Los días siguientes fueron de pedalear todo el día, subiendo y bajando por las colinas que la ruta presentaba, dormimos en algunos controles policiales, en una escuela y más controles policiales, alcabalas les dicen. Recibimos muchos regalos en el camino, frutas, pescado frito, arroz, café, casabe, conexión a internet gratis y mucha agua fresca, tanto para beber como para bañarnos cada día. La verdad es que el trayecto desde el kilómetro 88 hasta Puerto Ordaz fue muy sencillo de concretar, la gente nos detenía a charlar cada día, los policías se mostraron muy amables y generosos, no hubo día en el que no nos tendieran una mano, así como tampoco recibimos ningún tipo de negativa a la hora de preguntar si podíamos armar la carpa en tal lugar. Todo fue como la seda, diría yo.

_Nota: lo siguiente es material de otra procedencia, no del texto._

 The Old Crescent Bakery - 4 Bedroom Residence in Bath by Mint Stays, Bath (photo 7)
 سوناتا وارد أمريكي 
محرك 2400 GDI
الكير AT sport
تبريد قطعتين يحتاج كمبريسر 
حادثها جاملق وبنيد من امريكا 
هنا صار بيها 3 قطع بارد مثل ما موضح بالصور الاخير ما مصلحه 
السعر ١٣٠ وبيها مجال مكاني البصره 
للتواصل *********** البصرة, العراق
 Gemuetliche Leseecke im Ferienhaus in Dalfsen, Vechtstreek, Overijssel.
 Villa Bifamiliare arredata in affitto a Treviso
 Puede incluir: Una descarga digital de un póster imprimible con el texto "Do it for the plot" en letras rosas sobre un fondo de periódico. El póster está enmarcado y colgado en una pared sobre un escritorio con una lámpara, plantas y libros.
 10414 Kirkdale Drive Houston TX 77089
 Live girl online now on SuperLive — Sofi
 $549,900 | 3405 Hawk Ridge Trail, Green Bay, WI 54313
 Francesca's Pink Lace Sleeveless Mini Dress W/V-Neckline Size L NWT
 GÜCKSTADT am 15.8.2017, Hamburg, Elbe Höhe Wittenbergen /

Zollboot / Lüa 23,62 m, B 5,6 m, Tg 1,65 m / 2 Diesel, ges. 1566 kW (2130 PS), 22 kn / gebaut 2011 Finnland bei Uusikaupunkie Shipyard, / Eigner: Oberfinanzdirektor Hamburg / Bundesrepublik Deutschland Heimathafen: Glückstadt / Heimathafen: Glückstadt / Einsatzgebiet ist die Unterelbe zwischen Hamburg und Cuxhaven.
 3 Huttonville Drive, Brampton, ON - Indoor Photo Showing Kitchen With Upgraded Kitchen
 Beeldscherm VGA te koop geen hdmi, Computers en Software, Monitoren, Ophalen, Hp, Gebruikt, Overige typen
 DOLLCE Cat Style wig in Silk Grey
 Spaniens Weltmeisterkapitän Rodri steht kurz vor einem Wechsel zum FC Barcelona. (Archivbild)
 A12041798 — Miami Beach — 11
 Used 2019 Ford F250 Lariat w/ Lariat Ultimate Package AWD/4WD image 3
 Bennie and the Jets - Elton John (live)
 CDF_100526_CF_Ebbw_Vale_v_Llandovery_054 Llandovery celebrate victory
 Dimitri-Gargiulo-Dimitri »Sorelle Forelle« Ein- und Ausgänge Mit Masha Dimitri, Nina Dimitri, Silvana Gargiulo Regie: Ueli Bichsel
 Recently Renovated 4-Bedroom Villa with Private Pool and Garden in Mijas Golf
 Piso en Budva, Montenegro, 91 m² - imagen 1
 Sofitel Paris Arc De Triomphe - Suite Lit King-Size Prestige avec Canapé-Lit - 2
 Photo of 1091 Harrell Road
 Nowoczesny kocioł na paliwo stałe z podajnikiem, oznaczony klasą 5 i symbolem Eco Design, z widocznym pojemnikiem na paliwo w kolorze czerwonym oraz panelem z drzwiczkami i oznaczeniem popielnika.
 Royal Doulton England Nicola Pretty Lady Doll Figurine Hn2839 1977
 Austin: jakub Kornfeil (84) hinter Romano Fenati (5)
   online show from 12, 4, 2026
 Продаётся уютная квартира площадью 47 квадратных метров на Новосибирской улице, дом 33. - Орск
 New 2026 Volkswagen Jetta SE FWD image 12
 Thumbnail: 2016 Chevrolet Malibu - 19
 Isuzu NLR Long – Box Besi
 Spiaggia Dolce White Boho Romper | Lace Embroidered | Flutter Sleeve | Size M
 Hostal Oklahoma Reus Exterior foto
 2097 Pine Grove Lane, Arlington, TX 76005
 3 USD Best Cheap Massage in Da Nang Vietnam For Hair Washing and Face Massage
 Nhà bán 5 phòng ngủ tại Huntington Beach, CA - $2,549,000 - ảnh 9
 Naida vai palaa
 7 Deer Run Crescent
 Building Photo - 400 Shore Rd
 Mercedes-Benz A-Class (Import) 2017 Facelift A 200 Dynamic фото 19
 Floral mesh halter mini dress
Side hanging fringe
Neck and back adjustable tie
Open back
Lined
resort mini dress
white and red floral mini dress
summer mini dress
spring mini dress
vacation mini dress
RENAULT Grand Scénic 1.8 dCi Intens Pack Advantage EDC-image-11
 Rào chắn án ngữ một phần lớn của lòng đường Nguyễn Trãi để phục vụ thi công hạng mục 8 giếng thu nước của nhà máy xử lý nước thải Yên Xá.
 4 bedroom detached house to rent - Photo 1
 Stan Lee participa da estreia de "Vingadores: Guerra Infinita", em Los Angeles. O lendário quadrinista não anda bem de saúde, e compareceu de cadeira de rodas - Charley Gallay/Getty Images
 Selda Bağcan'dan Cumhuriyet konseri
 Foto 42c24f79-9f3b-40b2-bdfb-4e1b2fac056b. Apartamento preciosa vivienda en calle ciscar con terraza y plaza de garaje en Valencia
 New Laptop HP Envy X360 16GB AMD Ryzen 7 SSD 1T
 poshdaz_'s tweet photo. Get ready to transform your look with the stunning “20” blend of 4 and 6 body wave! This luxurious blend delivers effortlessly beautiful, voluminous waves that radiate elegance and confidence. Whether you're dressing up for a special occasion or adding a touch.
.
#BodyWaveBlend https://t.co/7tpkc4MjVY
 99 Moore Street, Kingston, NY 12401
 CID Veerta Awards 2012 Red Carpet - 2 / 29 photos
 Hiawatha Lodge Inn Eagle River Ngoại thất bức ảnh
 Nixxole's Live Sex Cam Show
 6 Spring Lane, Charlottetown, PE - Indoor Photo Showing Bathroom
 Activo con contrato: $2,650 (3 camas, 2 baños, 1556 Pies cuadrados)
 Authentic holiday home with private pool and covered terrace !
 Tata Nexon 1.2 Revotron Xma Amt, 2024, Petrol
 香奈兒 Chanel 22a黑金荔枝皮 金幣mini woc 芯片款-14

Finalmente llegamos a Puerto Ordaz, estábamos a punto de conocer el famoso Rio Orinoco. Allí teníamos el contacto de un señor, que no conocíamos y que él tampoco nos conocía, obviamente. Sin embargo, como un amigo de él le habló de nosotros, aceptó recibirnos en su casa sin problema. Nuestro nexo en común fue aquel couchsurfing de Santa Elena de Uairén, siempre le voy a agradecer el habernos puesto en contacto con Ricardo, porque los días que disfrutamos con su compañía en Puerto Ordaz, junto con sus compañeros del coro fueron inolvidables, nos malcriaron por todos lados, comimos muchas cosas ricas, escuchamos canciones hermosas representadas por ellos mismos, prendimos muchísimo de ellos y su cotidianeidad, además nos dieron muchos regalitos para nuestro viaje, y quien me conoce sabe que a mi los regalitos me encantan.